Он оторопно вскинулся, но сугробного старца никак не нашарил растерянными глазами, подумал: «Явился не зван, отступился не гнан». И вдруг от боли – взрывом-полымем, распёршим голову, замотал мокрыми патлами, тщась вытряхнуть из неё нестерпимую жечь, как из кадила раскалённые до бела уголья, и не слышал, как за спиной на монастырской колокольне кто-то раз один гулкнул в ночной колокол. Звон испуганно запорхал над обителью, но его тут-же ухапала, как сглотнула, промозглая темень…

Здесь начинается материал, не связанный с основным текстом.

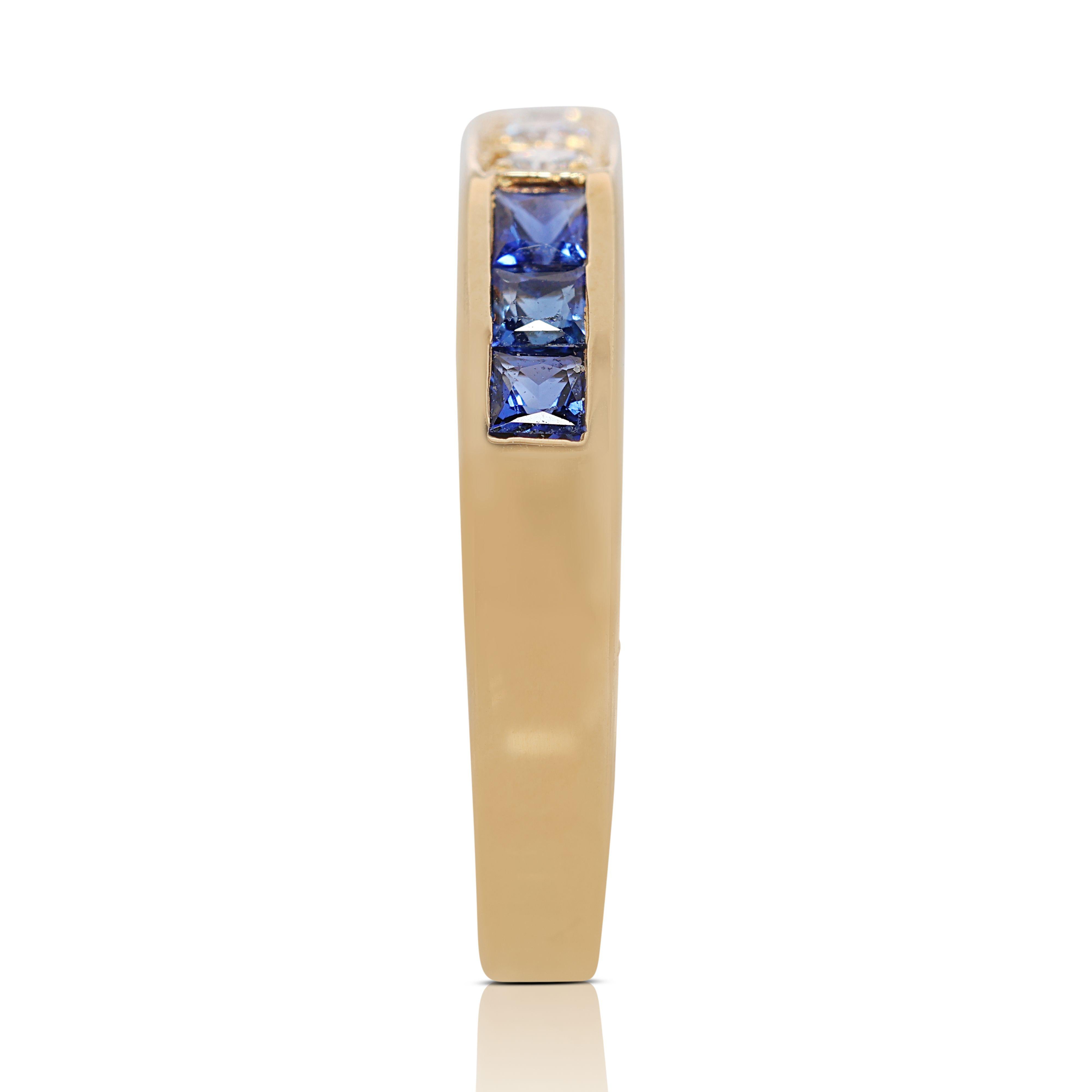 18K Yellow Gold Ring with Sapphires and Diamonds in 0.18ct For Sale 2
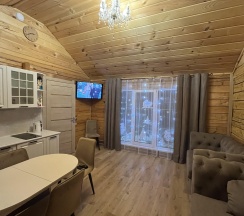 Дом улучшенный в Усадьба Бурых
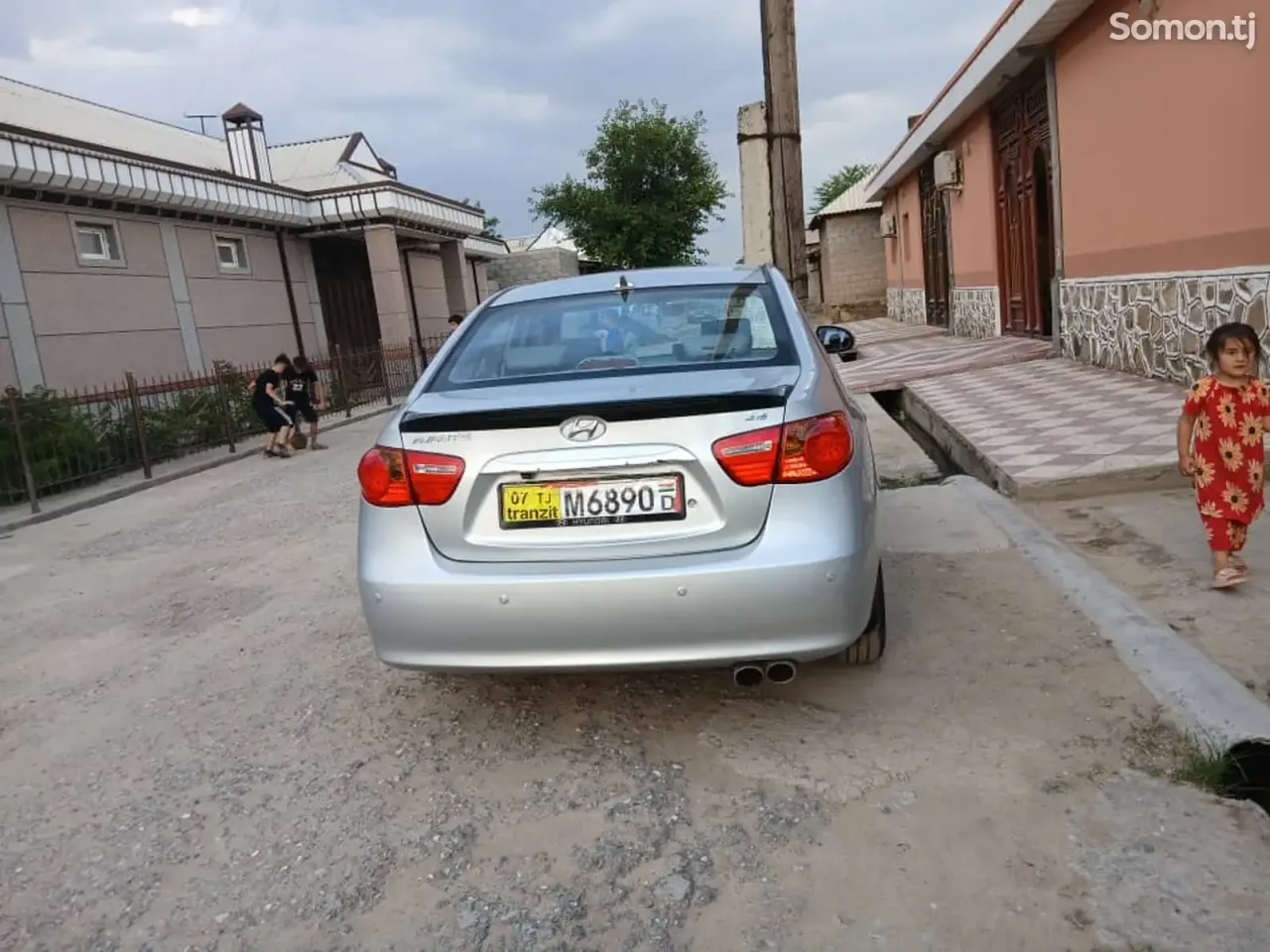 Hyundai Avante 2010 · 1.6 AT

Никон всё так же одиноко сидел на холодном валуне, даже верного Шушеру, принесшего тёплую телогрею и мису жидкой монастырской каши, прогнал назад в келию. Боль в голове поутихла, дала отрадную ослабу, он отдыхал от приступа и ни о чём не хотелось думать, но давние деяния без спросу навяливались на память и властно поводырили в прошлое, всякий раз укорно саднящее, а чаще терзающие совесть долгой и запутанной, как кудель у нерадивой пряхи, многогрешной жизни. И теперь, то одни, то другие видения смахивались пряжей с веретена, лохматились и рвались, снова вязались одно с другим и несть им было конца.
Палачи старости – воспоминания! И хотел ли, не хотел Никон, но в них он, всё ещё властный патриарх российский, шествовал в этот миг к литургии в Большое Успение, постукивая владычным посохом по плитам соборной площади. И тут, у ступеней, ведущих на широкую паперть, возник перед ним ванькой-встанькой бывший протопоп Неронов, коего лично расстриг и проклял и мантию сволок и в монастырь дальний сослал под надзор строгий, тереть зерно ручными жерновами.
– Всё меня ловишь, – выгордясь, руки в боки, спросил Иван. – Вот он я, без боязи. – И ладони протянул. – Вяжи, хошь лестовкой, хошь чётками, как тебе удобь.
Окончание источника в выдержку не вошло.